Reputation:
I'm creating a program that reads through a .txt file of names (lastname,firstname), one per line, and creates a dictionary that shows the number of times a specific first name repeats.
I've gotten the follow code so far but can't seem to accurately count the number of times a first name repeats. I think the problem is that my variable "value" doesn't correspond to the actual value in the key value pair. How can I fix that?
file = open('names.txt')
dict = {}
value = 1
for line in file:
listOfNames = line.split(",")
firstName = listOfNames[1]
if dict.has_key(firstName):
value += 1
else:
dict[firstName] = value
file.close()
Upvotes: 4
Views: 295
Reputation: 91132
with open('names.txt') as f:
firstNames = [line.split(',')[0] for line in f]

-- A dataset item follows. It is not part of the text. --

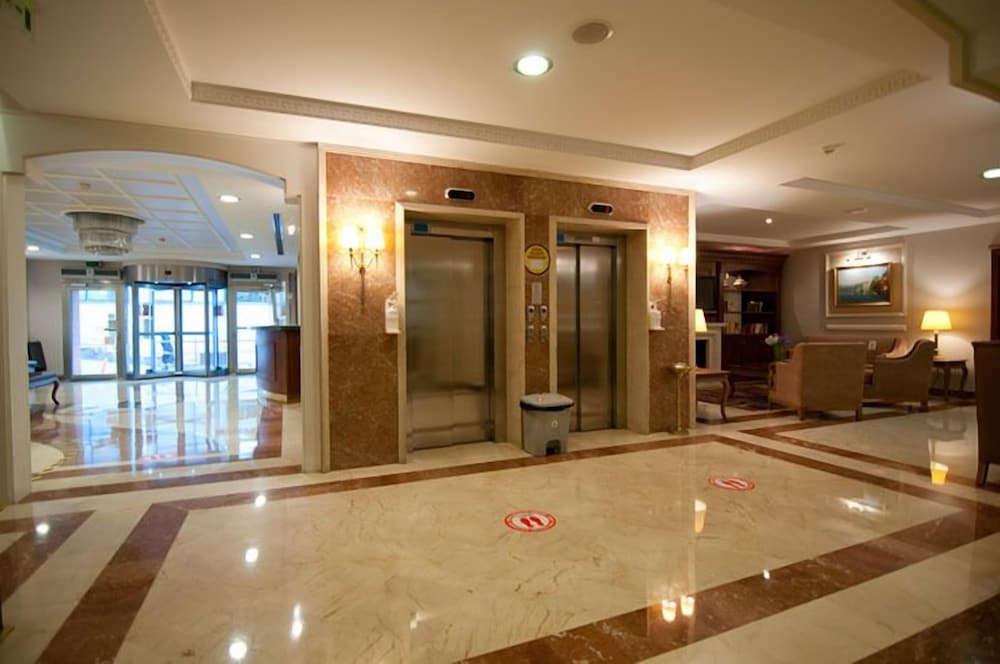 Taksim Metropark Hotel 2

print collections.Counter(firstNames)
Upvotes: 2
Reputation: 16080
Use a defaultdict like this:
from collections import defaultdict
d = defaultdict(int)
for name in open('names.txt'):
_, first_name = name.split(",")
d[first_name] += 1
You may want to normalize your names by stripping whitespace and capitalization.
Upvotes: 2
Reputation: 38980
As @Aurora mentions, Counter is perfect for this.
>>> names = ['foo bar', 'foo baz', 'foo car', 'doo bar', 'doo baz', 'boo paz']
>>> from collections import Counter
>>> Counter(name.split()[1] for name in names)
Counter({'baz': 2, 'bar': 2, 'paz': 1, 'car': 1})
Upvotes: 2
Reputation: 226564
You can replace the if-block with:
dict[firstname] = dict.get(firstname, 0) + 1
Alternatively, you can use collections.Counter instead of a dict. That simplifies to counting code to just:
c[firstname] += 1
where c is a Counter instance.
Upvotes: 2
Reputation: 4414
You may be interested in the collections.Counter - which is a special dictionary for exactly this kind of task.
Upvotes: 6
Reputation: 994101
It looks like you want something like:
if dict.has_key(firstName):
dict[firstName] += 1
else:
dict[firstName] = 1
Also, I would strongly recommend you choose a name other than dict
, such as names
. The reason is that dict
is the name of the standard Python dictionary type (just like you usually don't want to create Python variables called str
, int
, or list
).
There are other solutions such as using collections.defaultdict
that will be more succinct.
Upvotes: 2